Skip every picture. Print each line from the one containing "The condition of" through the end of the records below, word for word.
*** Records for this task ***
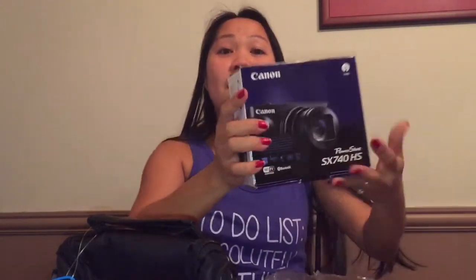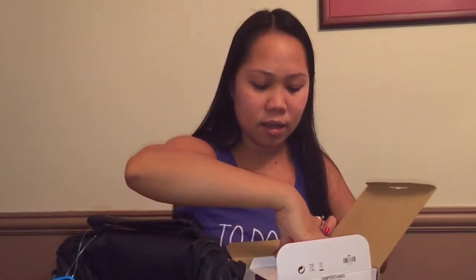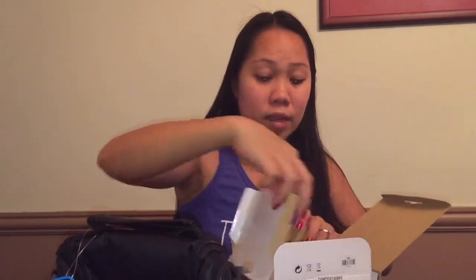Then this is our camera guys, this is it. So this is the Canon PowerShot SX740 HS. I bought this from Amazon because I saw some good reviews about it and I don't really want to spend a lot on a camera, so I found it a nice deal. I just got this one and let's check it out guys to see if it's good.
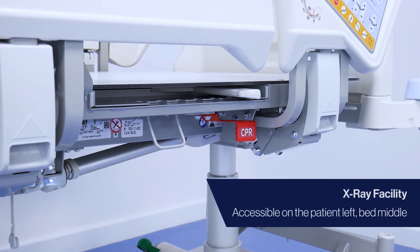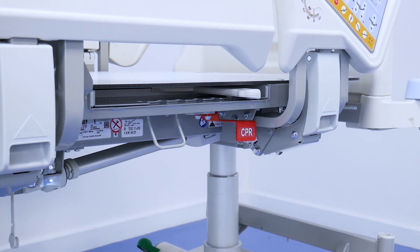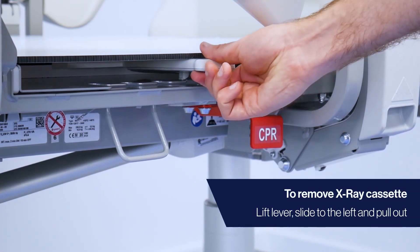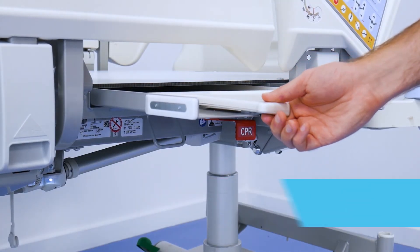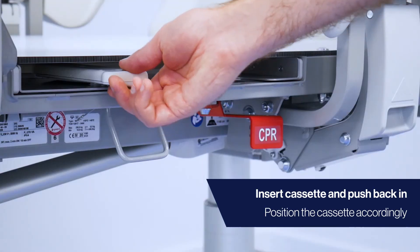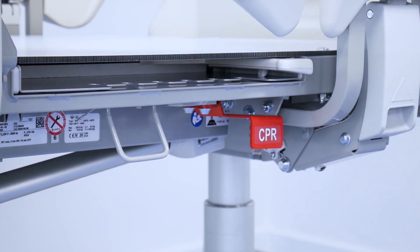To utilise the x-ray facility, position the patient in the centre of the bed. The x-ray cassette is on the patient's left in the middle of the bed. To pull out the cassette holder, lift the lever and push left until it stops, then pull the holder out. Insert the cassette and push back in. Remember to position the cassette holder so the upper edge is under the patient's shoulder line.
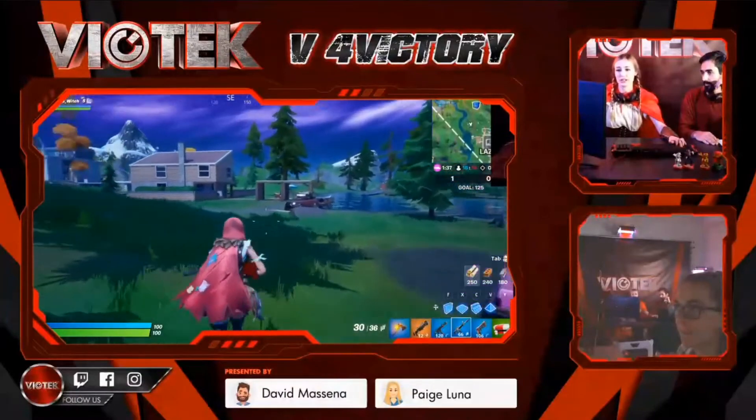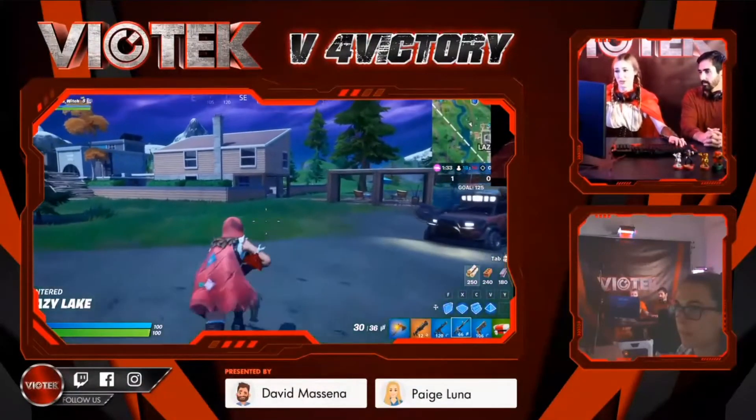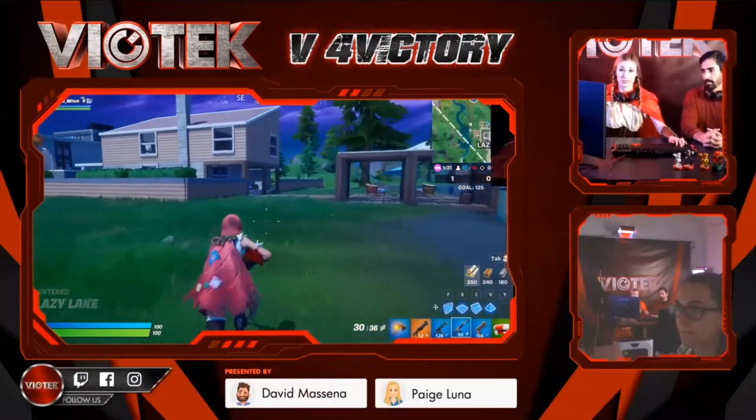The standard aspect ratio is really nice if you don't want to have to adjust any of your games. If you just kind of want a monitor to pick up and use pretty much right out of the box, I would say this is a good one. You don't have to adjust your games too much.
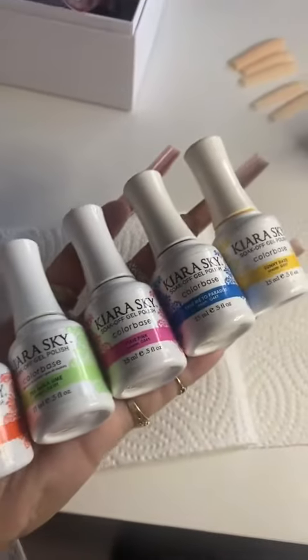I tried using an airbrusher for the first time and I'm going to take you on the journey. Just a warning — I don't know what I'm doing, and if you want this to be a helpful tutorial, it's not going to be.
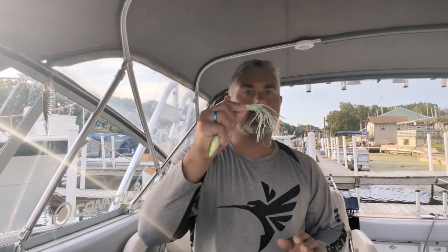Hey guys, Captain Richard Ajeki, and we're back with another tackle tip — squids or hoochies.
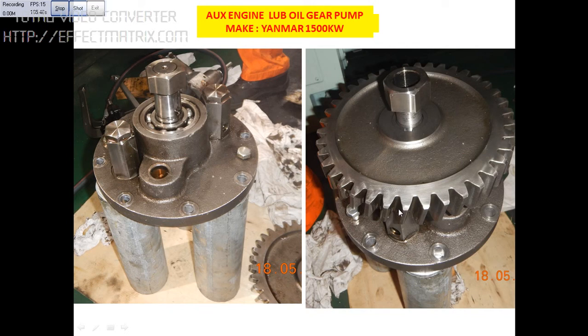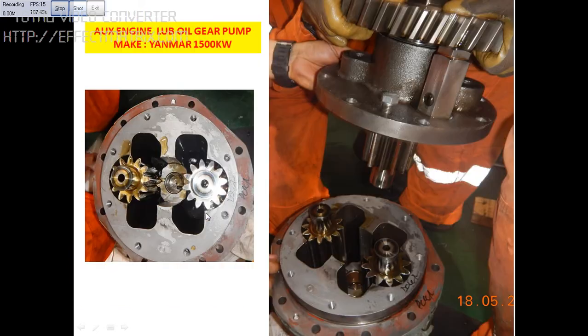The condition of the gear profile is okay here. You can see there are 2 gears — the center portion gear will go inside. This is the main gear. You have to check the profile, the radial clearance, and the side clearance with the body. If the clearance is too much, then we need to change the gear altogether.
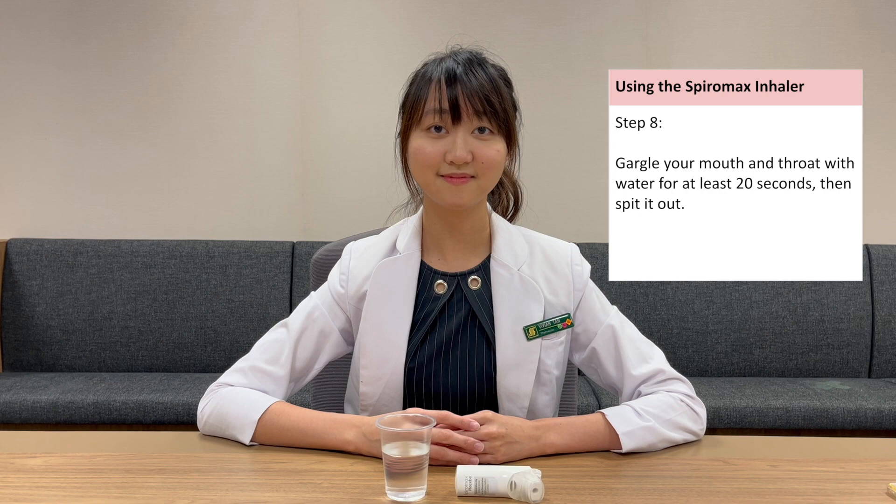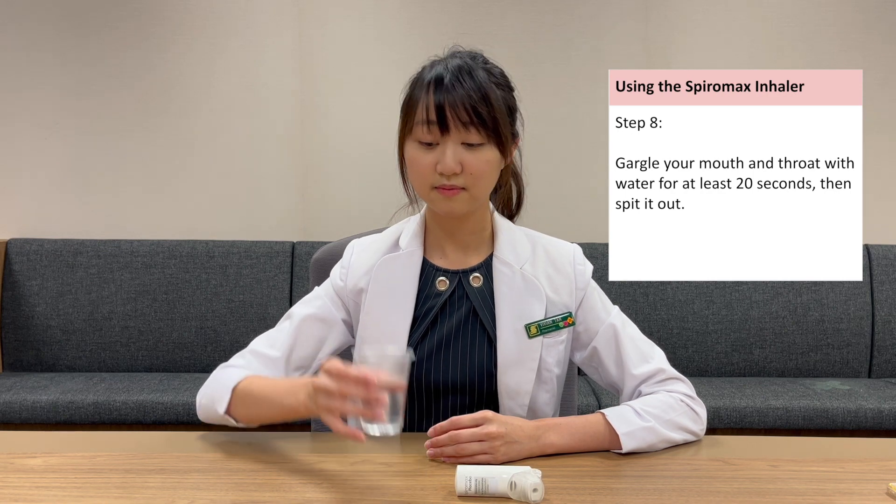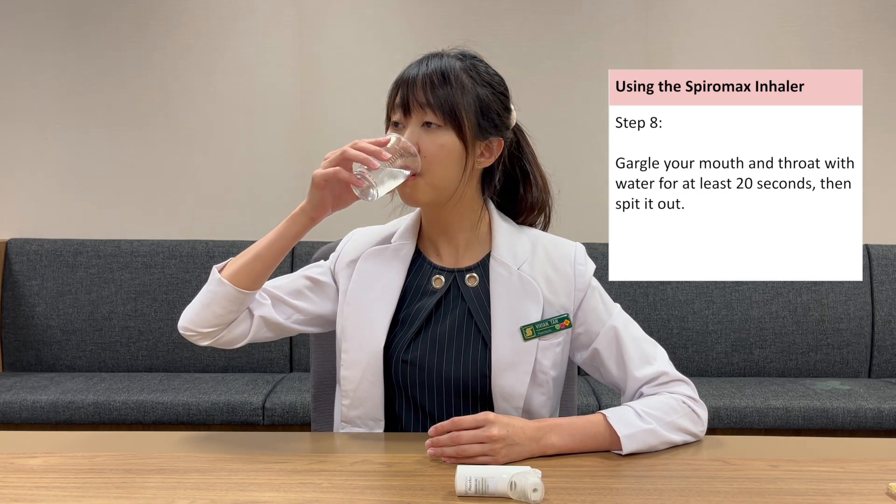Gargle your mouth and throat with water for at least 20 seconds, then spit it out.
*** End of Records for this task ***
Exercise response
The condition of the gear profile is okay here. You can see there are 2 gears — the center portion gear will go inside. This is the main gear. You have to check the profile, the radial clearance, and the side clearance with the body. If the clearance is too much, then we need to change the gear altogether.
Gargle your mouth and throat with water for at least 20 seconds, then spit it out.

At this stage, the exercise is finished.